Your Pet Loss Stories


by Chris
(Ontario, Canada)

Axl Dauber

Axl Dauber

I found Axl at a pet food store, part of a local organization aimed to find homes for abandoned animals. The moment I saw him I knew he was to be part of our family. I'm not usually a pet person, so I amazed myself when I insisted that Jackie, my fiance, meet him. It didn't take Jackie a minute to decide. We wanted to take him home that day, but there were certain rules and checks to make sure we were offering a good home.

Axl was a wonderful, 14 year old loving, cuddly large cat. He was mainly white with large blotches of gray, a small grey blotch on his nose, and a coffee-stain spot on his mouth. He constantly wanted to know what we doing. Man oh man, could that cat eat! It didn't matter what we ate, he wanted some, and would eat it, too.

Lucy, our Japense Bobtail, didn't take to him so well. She was a very independent cat. In time, in her own way, she got used to him.
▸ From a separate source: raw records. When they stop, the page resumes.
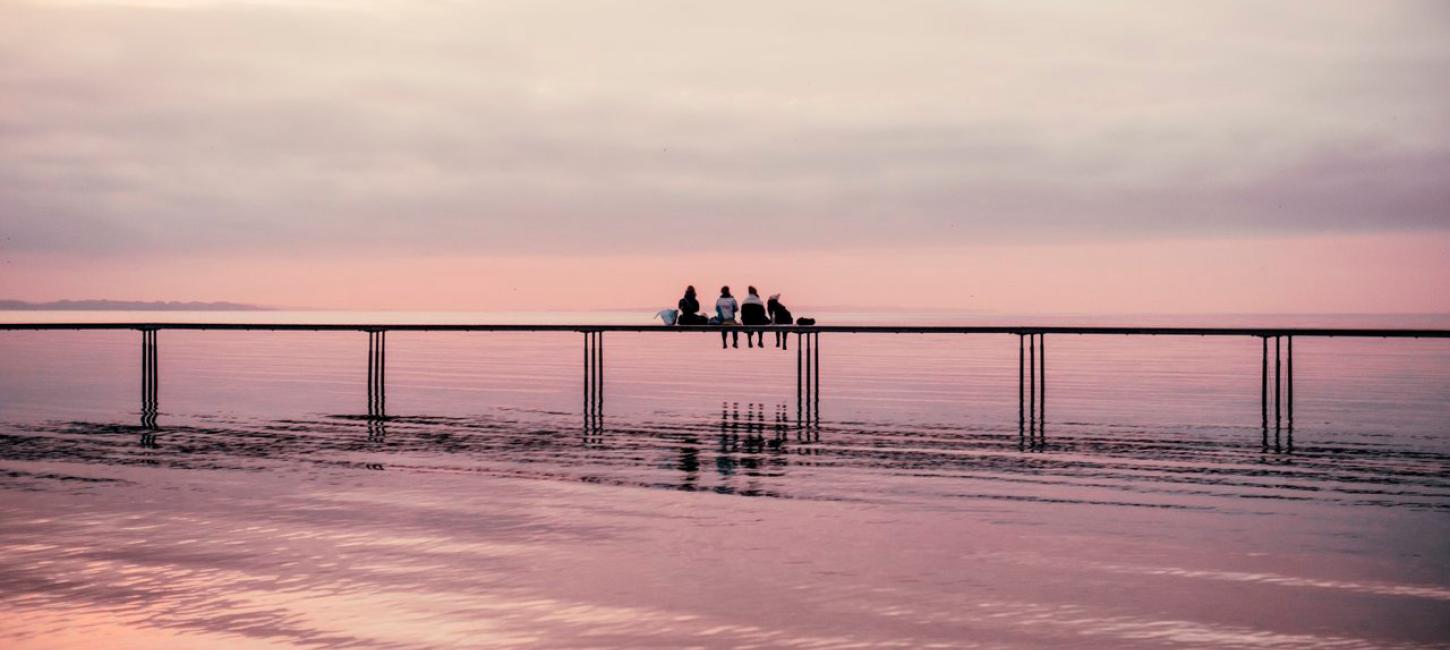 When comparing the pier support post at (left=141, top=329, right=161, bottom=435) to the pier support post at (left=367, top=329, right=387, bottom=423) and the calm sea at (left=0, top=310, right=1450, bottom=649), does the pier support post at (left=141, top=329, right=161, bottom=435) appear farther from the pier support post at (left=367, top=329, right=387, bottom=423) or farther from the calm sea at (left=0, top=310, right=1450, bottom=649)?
the pier support post at (left=367, top=329, right=387, bottom=423)

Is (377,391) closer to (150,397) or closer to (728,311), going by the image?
(150,397)

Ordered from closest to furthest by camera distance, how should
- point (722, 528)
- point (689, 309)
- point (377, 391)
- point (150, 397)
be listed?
point (722, 528) < point (150, 397) < point (377, 391) < point (689, 309)

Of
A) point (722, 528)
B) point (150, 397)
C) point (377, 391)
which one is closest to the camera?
point (722, 528)

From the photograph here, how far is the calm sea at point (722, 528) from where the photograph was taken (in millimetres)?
7008

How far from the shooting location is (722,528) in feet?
32.6

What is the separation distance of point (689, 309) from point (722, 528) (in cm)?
2204

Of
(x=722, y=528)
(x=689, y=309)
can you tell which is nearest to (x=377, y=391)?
(x=689, y=309)

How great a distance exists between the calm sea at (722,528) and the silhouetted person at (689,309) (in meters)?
9.22

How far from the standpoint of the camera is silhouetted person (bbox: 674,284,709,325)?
31.2 m

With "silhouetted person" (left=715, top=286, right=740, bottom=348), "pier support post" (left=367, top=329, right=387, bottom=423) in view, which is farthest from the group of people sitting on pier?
"pier support post" (left=367, top=329, right=387, bottom=423)

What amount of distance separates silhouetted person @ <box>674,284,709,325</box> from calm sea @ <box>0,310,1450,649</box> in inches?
363

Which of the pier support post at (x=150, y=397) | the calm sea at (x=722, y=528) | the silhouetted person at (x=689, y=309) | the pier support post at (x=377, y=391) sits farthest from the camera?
the silhouetted person at (x=689, y=309)

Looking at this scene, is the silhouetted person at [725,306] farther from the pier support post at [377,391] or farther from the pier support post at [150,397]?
the pier support post at [150,397]

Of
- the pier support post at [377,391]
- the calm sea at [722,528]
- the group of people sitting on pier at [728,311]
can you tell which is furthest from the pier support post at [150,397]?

It was funny, at times, to see how they learned cues and tricks from each other.

Axl wasn't as ok as the vet thought. He had a severe intestinal problem that had pretty much plugged him up. We discovered that there was an issue when he started going on the floor. After several enimas, exams, and xrays, not only was he backed up, but the material that was in his intestines had turned to stone. His colon had stopped working. It was all or nothing.

One surgery and several thousand dollars later, Axl was a much happier cat. I, however, was not a happier person. The operation wiped out our savings and our line of credit. Please don't misunderstand me. I was thrilled that Axl was better. I just didn't know how well things would go if there was a reoccurence with no money in the bank.

At the time, we were living in a two bedroom apartment. It got small pretty quickly. With help from my parents, we were able to pick up a house, one that seemed to fit all of our needs.

Slowly, however, we found that Axl was missing his litter box. The vet was certain that there was nothing wrong. The constant missing became a bit of a problem because we had hardwood floors. We tried everything we could get our hands on and finally found a spray that worked.

My parents stepped in and offered us some help to get us our own house. House after house, we searched and looked, um'ed, and ahh'ed. Then we found this one. It was perfect for the four of us.

Only a few months into our new house, Axl started going on the floor, in the floor vents, and pretty much anywhere that he could where we wouldn't typically find it. We tried closing off problem areas. The biggest problem with that was that we were closing off the house, one room at a time.

We tried to rationize things. Mainly, that we weren't keeping up on the litterbox cleanings. But when he stopped using the box, completely, we knew we had a problem. If money wasn't an issue, I'm sure that we could have just shrugged it off, but we never really recovered from the first round of problems. Throw on some schooling, a new house, and a new job, well, money was an issue. And with Axl already needing over $100/mnth in prescription food, there just wasn't any more.

So, we did the next best thing. We rationized some more. But he still stayed out of the box. I've always been told that a pet is first and foremost an animal -- strictly entertainment for that family. I can't say where exactly that came from, but that's just the way it was. Axl, though, was different. He was family. There was a lot of internal wrestling trying to separate feeling from reality, right from wrong, and all of that unhappy stuff.

In the end, Jackie and I decided on what we felt was our only option. Axl was an old cat, needing rather expensive food, allergic to most other foods, and no longer box trained. I'm sure some won't agree, and I'm not sure I agree any more, but that's the way it is. We made the arrangements and put him down. We were there for the whole thing. We didn't want him to be alone. I should have grabbed him and ran, but I didn't. I kept telling myself that this was the only solution.

I don't think I have ever done anything so difficult or heart-wrenching in my life. All night, I just wanted to curl up and die, or at least open my eyes and find him laying beside me.

I was always one to tell grieving pet owners to buck up and move on. I can absolutely say that my perspective has changed. A family pet can be more than entertainment, can be more than just an animal, but can be family. And family you just don't get over.

Everything I had problems with only a day ago I find petty and stupid. The house seems a lot more empty now. I think it's safe to say that we've both already thought about moving and it's been less than 24 hours. Everywhere I wander, I can see him following, or sitting, or getting perturbed that I disturbed him. I even heard him yelling at somebody while I was in the shower. The scents and smells that bothered and frustrated me only a day ago seem like heaven, in a weird sort of way.

They say, if you'll forgive the cliche, that time heals all wounds. I suppose to some extent that that may be true. But the best I think will be a scar.

May your cat-toys be endless, old friend.